::: Exercise inputs

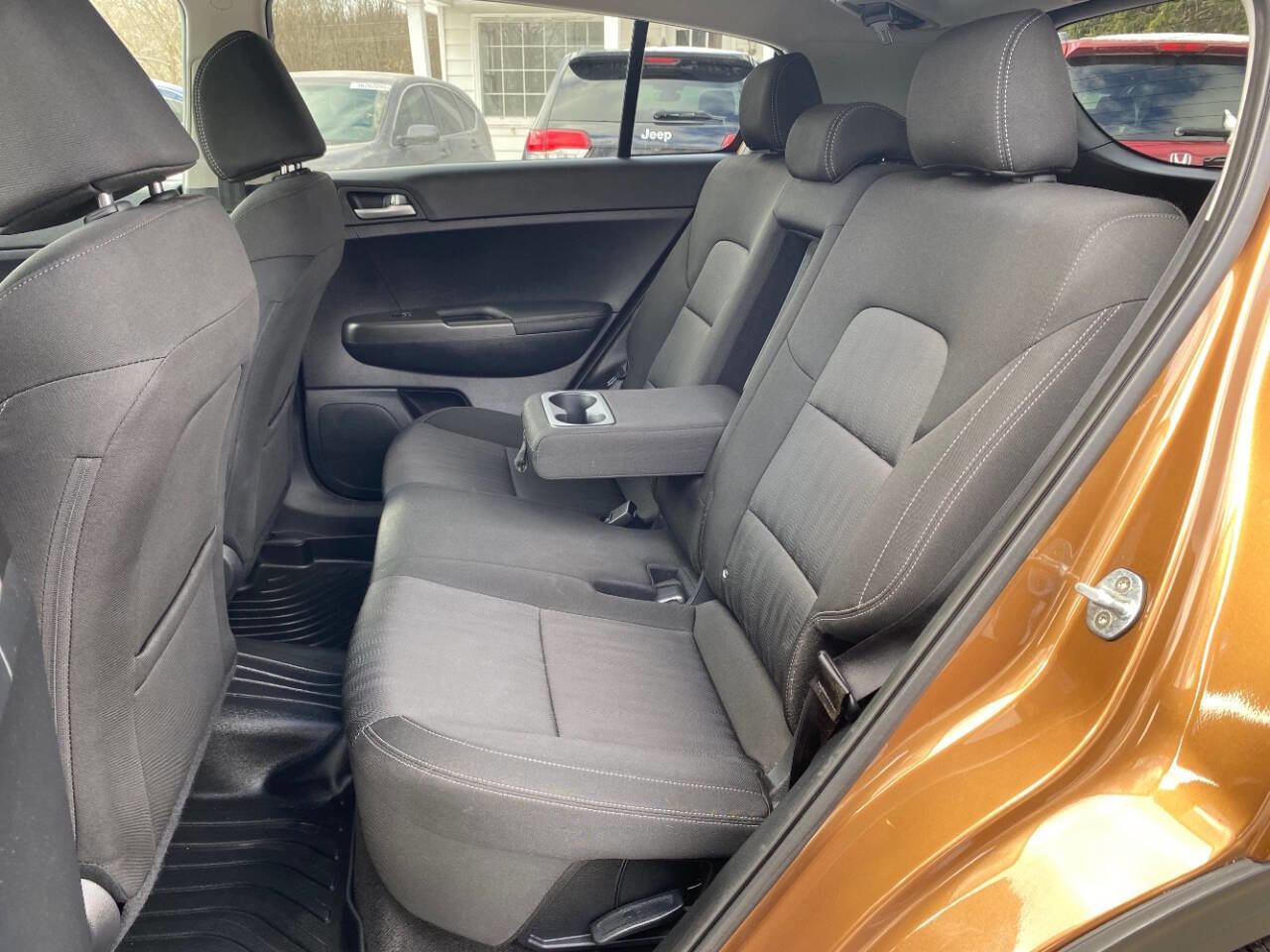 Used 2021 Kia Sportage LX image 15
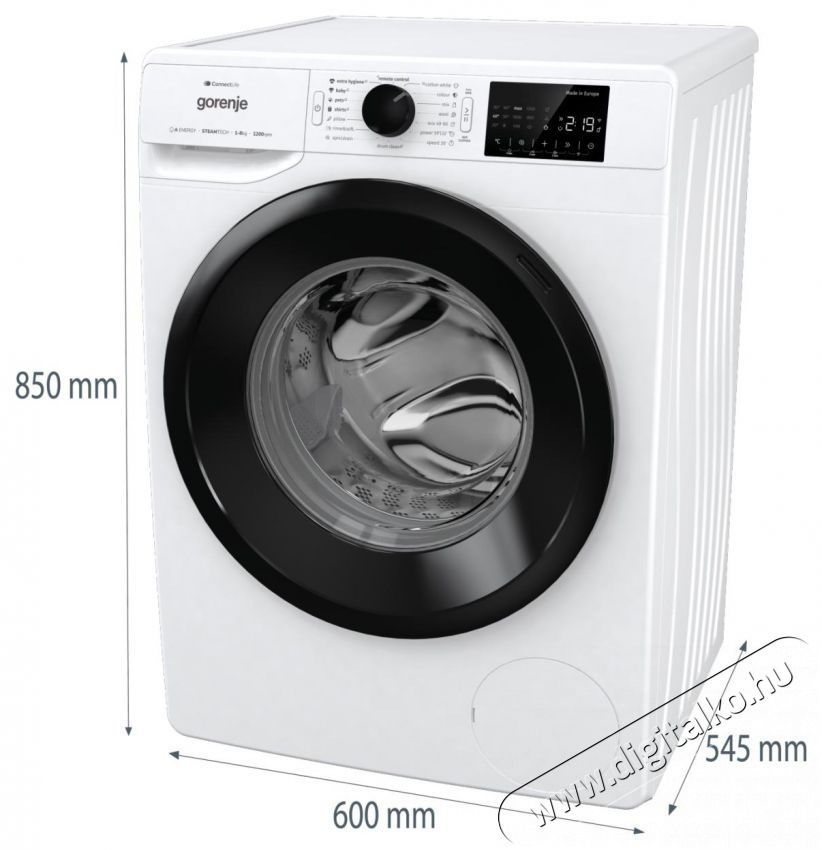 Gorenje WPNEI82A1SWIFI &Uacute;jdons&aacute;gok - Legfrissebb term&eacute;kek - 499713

::::::
::: Exercise inputs

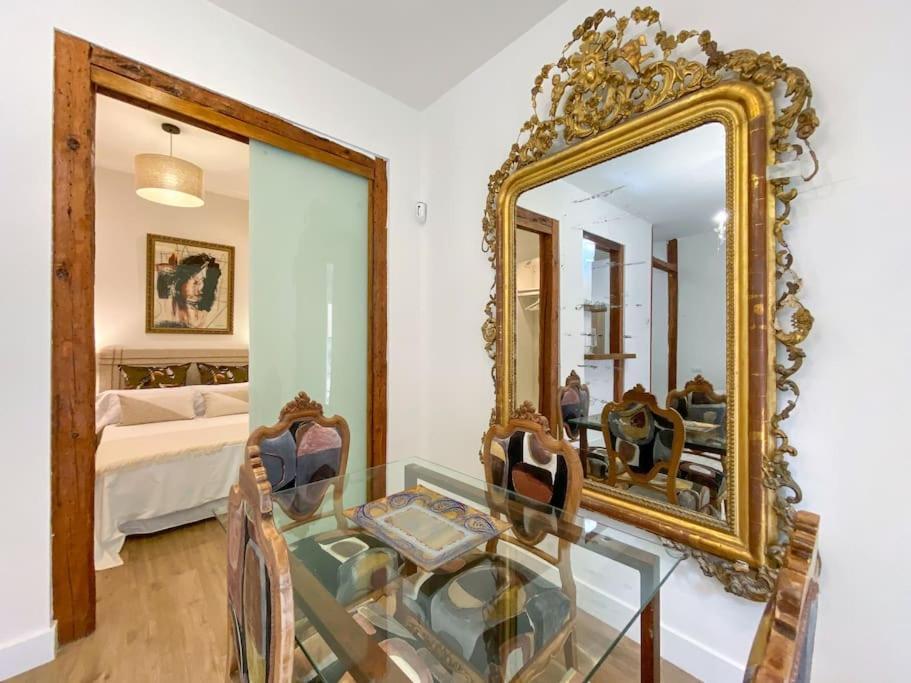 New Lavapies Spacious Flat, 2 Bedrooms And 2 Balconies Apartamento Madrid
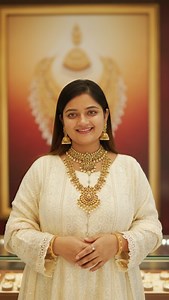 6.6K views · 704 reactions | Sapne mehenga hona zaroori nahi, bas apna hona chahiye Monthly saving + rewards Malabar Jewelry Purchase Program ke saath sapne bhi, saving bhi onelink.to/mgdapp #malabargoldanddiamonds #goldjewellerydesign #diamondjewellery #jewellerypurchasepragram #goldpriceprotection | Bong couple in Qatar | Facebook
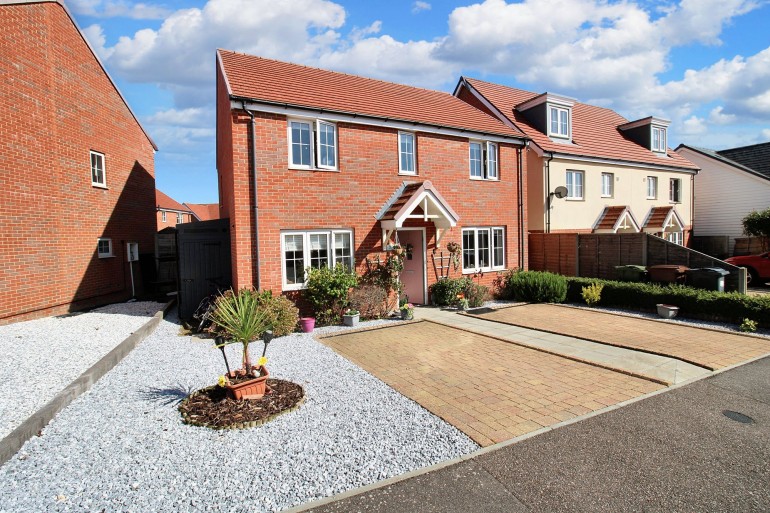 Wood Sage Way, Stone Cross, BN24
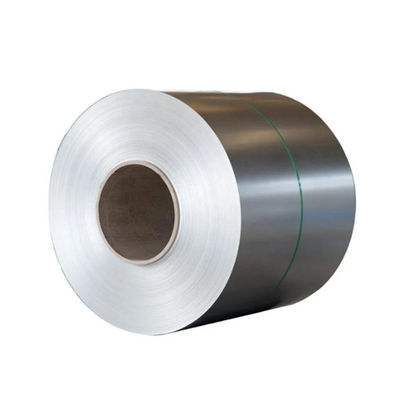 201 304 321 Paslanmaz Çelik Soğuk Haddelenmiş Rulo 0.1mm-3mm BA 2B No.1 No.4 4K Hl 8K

::::::
::: Exercise inputs

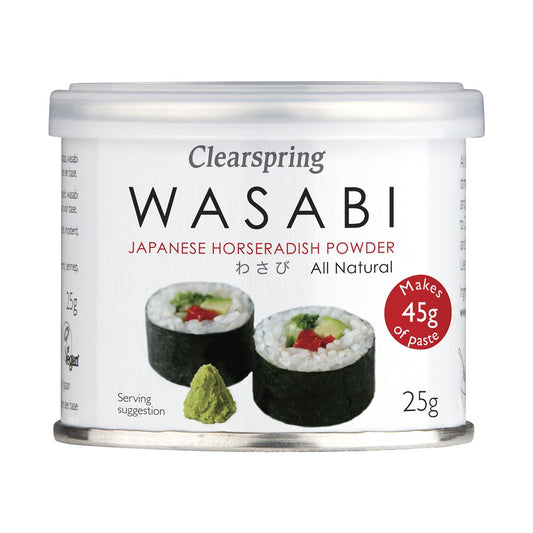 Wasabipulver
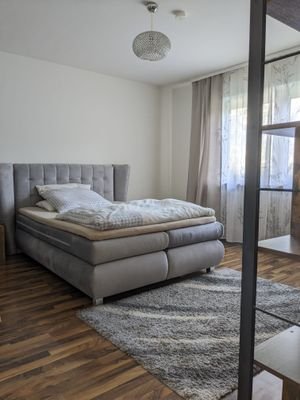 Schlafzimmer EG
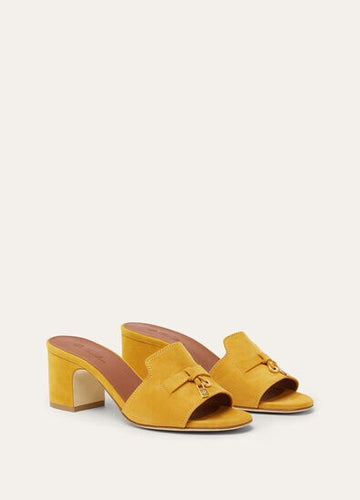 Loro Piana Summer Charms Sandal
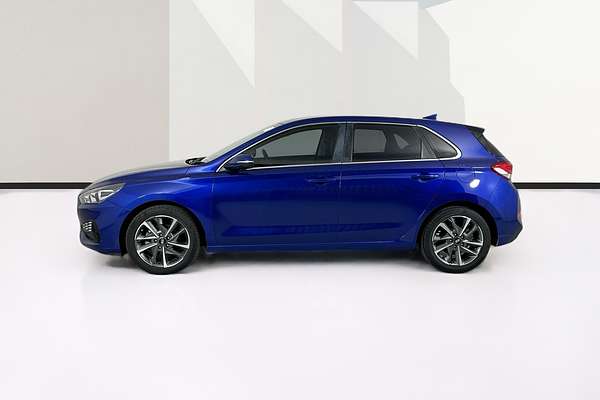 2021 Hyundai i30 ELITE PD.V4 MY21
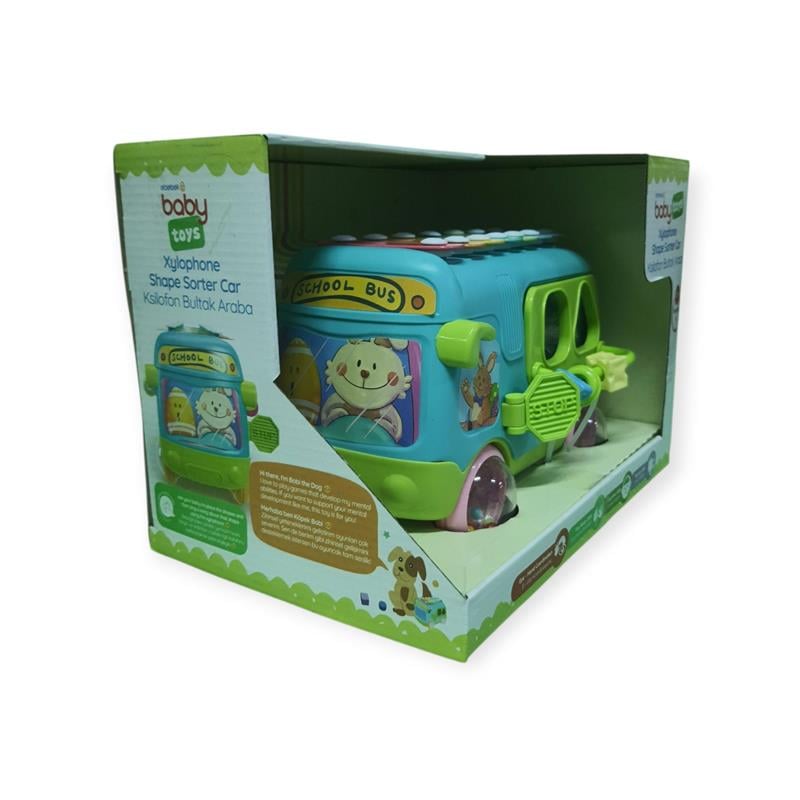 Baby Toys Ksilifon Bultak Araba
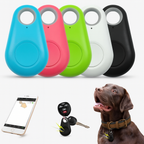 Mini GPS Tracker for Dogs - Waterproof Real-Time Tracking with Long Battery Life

::::::

- **Action item**:
In the entries above, which lines run from the one with "Wood Sage Way, Stone Cross, BN24" up to and including the one with "201 304 321"? Write them out exactly, without the pictures.

- **Answer to this problem**:
 Wood Sage Way, Stone Cross, BN24
 201 304 321 Paslanmaz Çelik Soğuk Haddelenmiş Rulo 0.1mm-3mm BA 2B No.1 No.4 4K Hl 8K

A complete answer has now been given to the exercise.